Research
3 minute read

Protecting the intellectual property of AI with watermarking

Inventors and co-authors Jialong Zhang and Marc Ph. Stoecklin.

If we can protect videos, audio and photos with digital watermarking, why not AI models?

This is the question my colleagues and I asked ourselves as we looked to develop a technique to assure developers that their hard work in building AI, such as deep learning models, can be protected. You may be thinking, “Protected from what?” Well, for example, what if your AI model is stolen or misused for nefarious purposes, such as offering a plagiarized service built on stolen model? This is an concern, particularly for AI leaders such as IBM.

Earlier this month we presented our research at the AsiaCCS ’18 conference in Incheon, Republic of Korea, and we are proud to say that our comprehensive evaluation technique to address this challenge was demonstrated to be highly effective and robust. Our key innovation is that our concept can remotely verify the ownership of deep neural network (DNN) services using simple API queries.

As deep learning models are more widely deployed and become more valuable, they are increasingly targeted by adversaries. Our idea, which is patent-pending, takes inspiration from the popular watermarking techniques used for multimedia content, such as videos and photos.

Model accuracy over training procedure (CIFAR10)

When watermarking a photo there are two stages: embedding and detection.

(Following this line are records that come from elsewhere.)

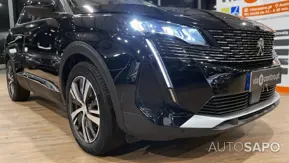 Peugeot 3008 de 2022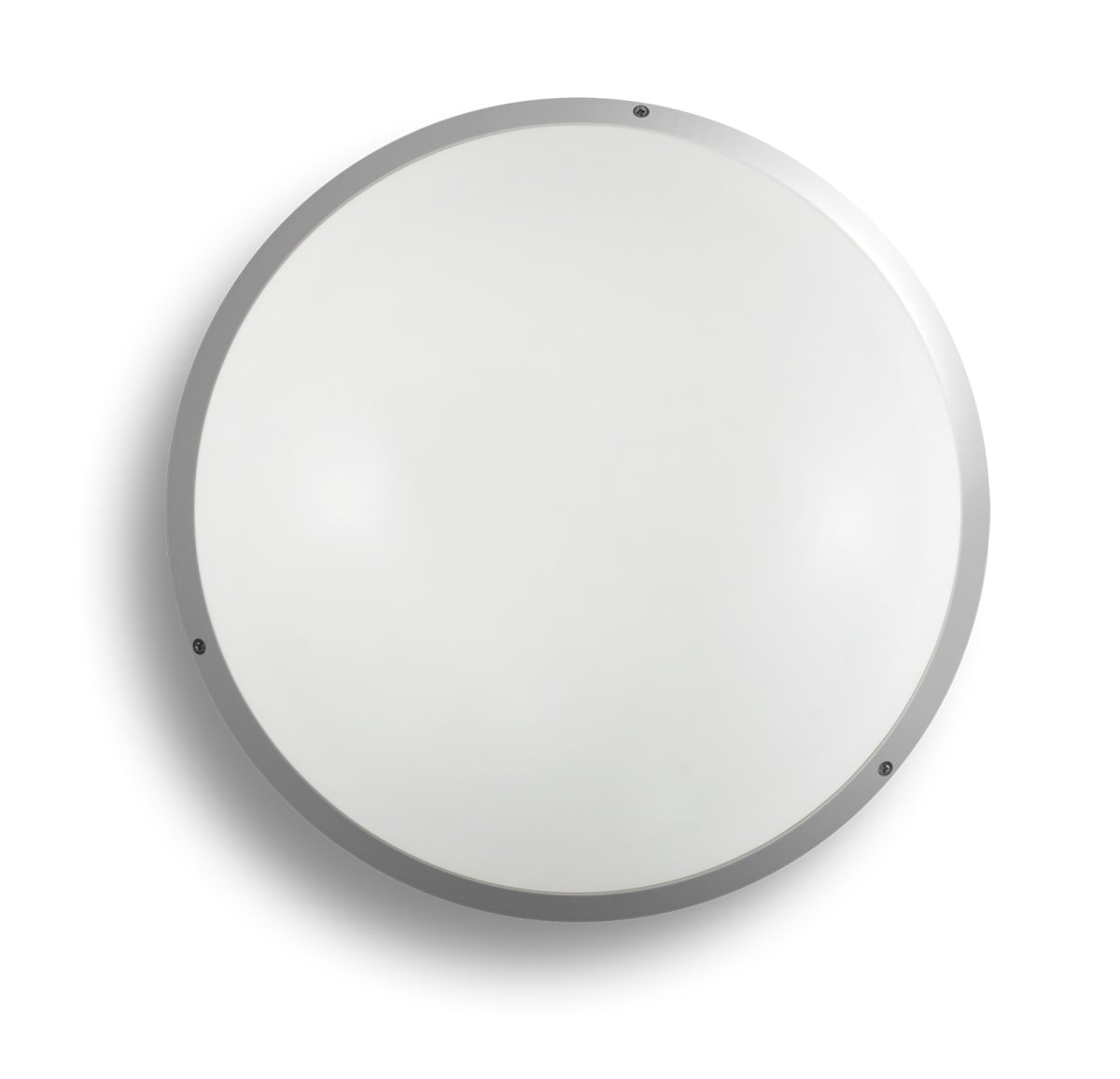 LINERGY - MOON LED GRIGIO 445/1340LM 3H SA TEST D3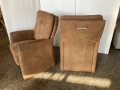 Две кресла, снимка 3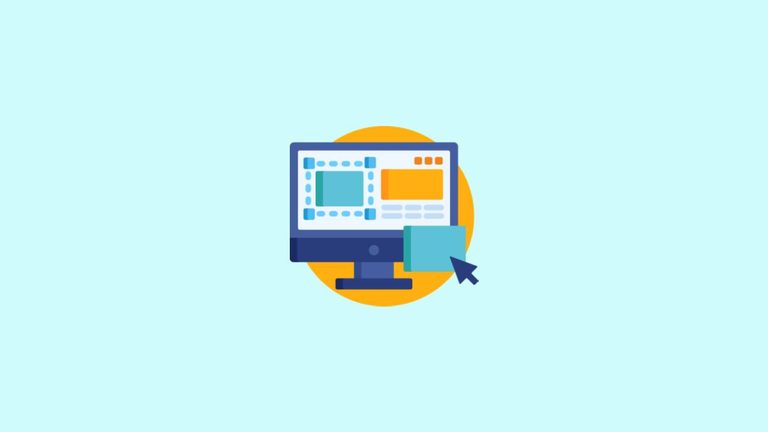 UI/UX Design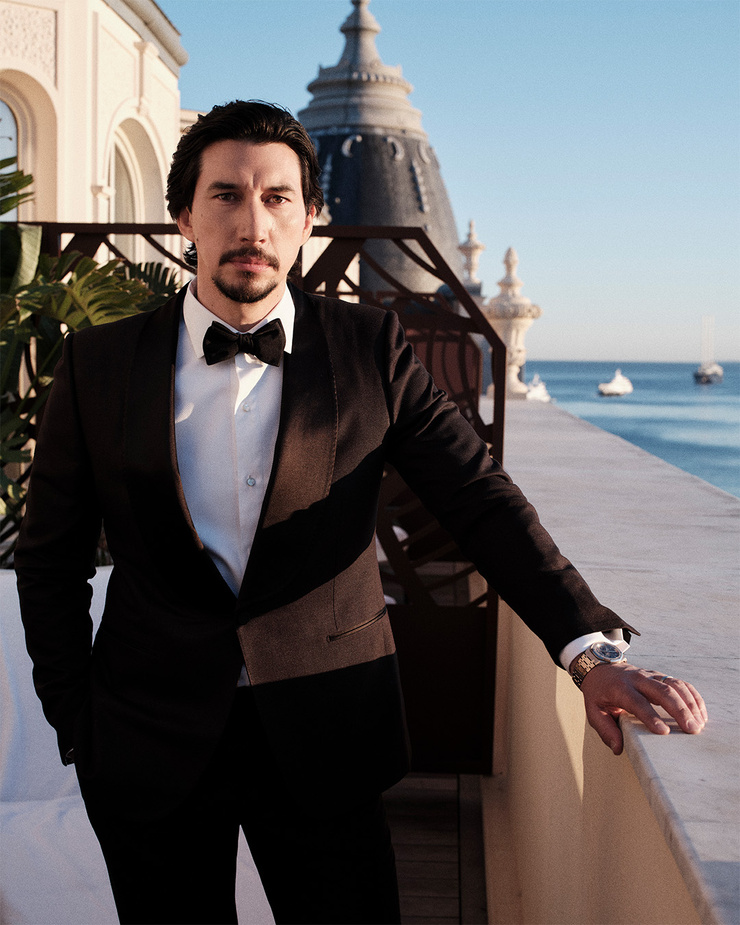 Adam Driver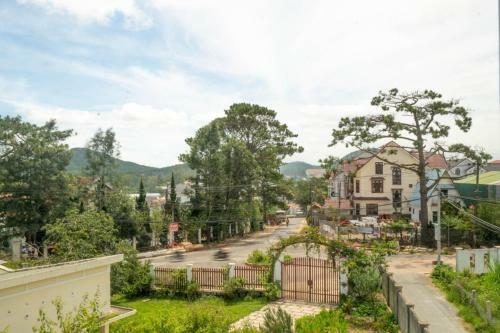 Minh Trang Villa - Venue Travel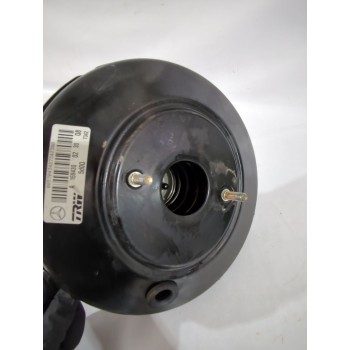 Recambio de servofreno para mercedes-benz clase a (w169) a 160 cdi (169.006, 169.306) referencia OEM IAM A1694300230Q8  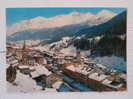 Val Cenis - Lanslebourg - Vue Générale - Val Cenis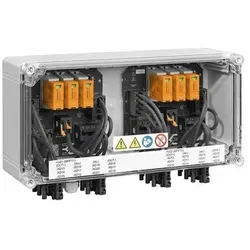 Weidmüller PV Überspannungsschutz PVN DC3I #2890330000 von Weidmüller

In the embedding stage, owners can overlay the word “COPYRIGHT” on the photo (or watermarks invisible to human perception) and if it’s stolen and used by others we confirm this in the detection stage, whereby owners can extract the watermarks as legal evidence to prove ownership. The same idea can be applied to DNN.

By embedding watermarks to DNN models, if they are stolen, we can verify the ownership by extracting watermarks from the models. However, different from digital watermarking, which embeds watermarks into multimedia content, we needed to design a new method to embed watermarks into DNN models.

In our paper, we describe an approach to infuse watermarks into DNN models, and design a remote verification mechanism to determine the ownership of DNN models by using API calls.

We developed three watermark generation algorithms to generate different types of watermarks for DNN models:

  1. embedding meaningful content together with the original training data as watermarks into the protected DNNs,
  2. embedding irrelevant data samples as watermarks into the protected DNNs, and
  3. embedding noise as watermarks into the protected DNNs.

To test our watermarking framework, we used two public datasets: MNIST, a handwritten digit recognition dataset that has 60,000 training images and 10,000 testing images and CIFAR10, an object classification dataset with 50,000 training images and 10,000 testing images.

Running the experiment is rather straightforward: we simply provide the DNN with a specifically crafted picture, which triggers an unexpected but controlled response if the model has been watermarked. This isn’t the first time watermarking has been considered, but previous concepts were limited by requiring accessing model parameters. However, in the real world, the stolen models are usually deployed remotely, and the plagiarized service would not publicize the parameters of the stolen models. In addition, the embedded watermarks in DNN models are robust and resilient to different counter-watermark mechanisms, such as fine-tuning, parameter pruning, and model inversion attacks.

Alas, our framework does have some limitations. If the leaked model is not deployed as an on-line service but used as an internal service, then we cannot detect any theft, but then of course the plagiarizer cannot directly monetize the stolen models.

In addition, our current watermarking framework cannot protect the DNN models from being stolen through prediction APIs, whereby attackers can exploit the tension between query access and confidentiality in the results to learn the parameters of machine learning models. However, such attacks have only been demonstrated to work well in practice for conventional machine learning algorithms with fewer model parameters such as decision trees and logistic regressions.

We are currently looking to deploy this within IBM and explore how the technology can be delivered as a service for clients.